The Grade 3 Readers' Workshop lesson focused on author's viewpoint and began with the four part mini-lesson using an authentic children's text, Tea with Milk, by Allen Say. The teacher, Jenny Nash, began by explaining to her young readers, "Author's viewpoints are not clearly stated in the book, rather you have to do some of your own thinking by the details the author provides to understand the author's viewpoint."
Mrs. Nash modeled using a short excerpt from this familiar text. She reread the excerpt, used a three column graphic organizer (labeled place, details, and author's feelings) to think aloud, and recorded the details to make her conclusion clear about the author's viewpoint.
After the guided reading group, the teacher individually conferred with five students, selected individuals to share their work in closing session that would reiterate her teaching point from the mini-lesson, and students returned to the meeting area as a whole group to close the lesson.
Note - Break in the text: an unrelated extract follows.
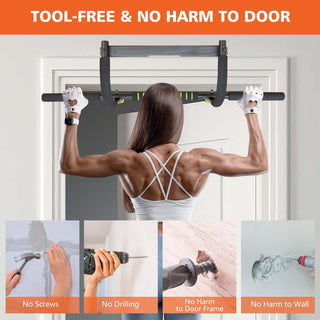 Wall Mounted Pull Up Bar and Chin Up Bar , Portable Dip Bars for Home Gym, Indoor Exercise Equipment for Strength Training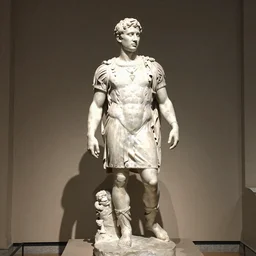 kanye west as a roman statue, on display in a museum, national geographic photo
Select students shared their work, the teacher took their thinking deeper by asking questions, and the lesson closed. Mrs. Nash reminded students that good readers think about the author's viewpoint as they read to help them to better understand the story.
During the debrief the Schultz audience asked Mrs. Nash questions, and she gave them a virtual tour of her classroom to show which artifacts are in place to support the Readers' Workshop. I don't know about you, but in my opinion, you can't make your practice any more visible than that! Thanks, Jenny!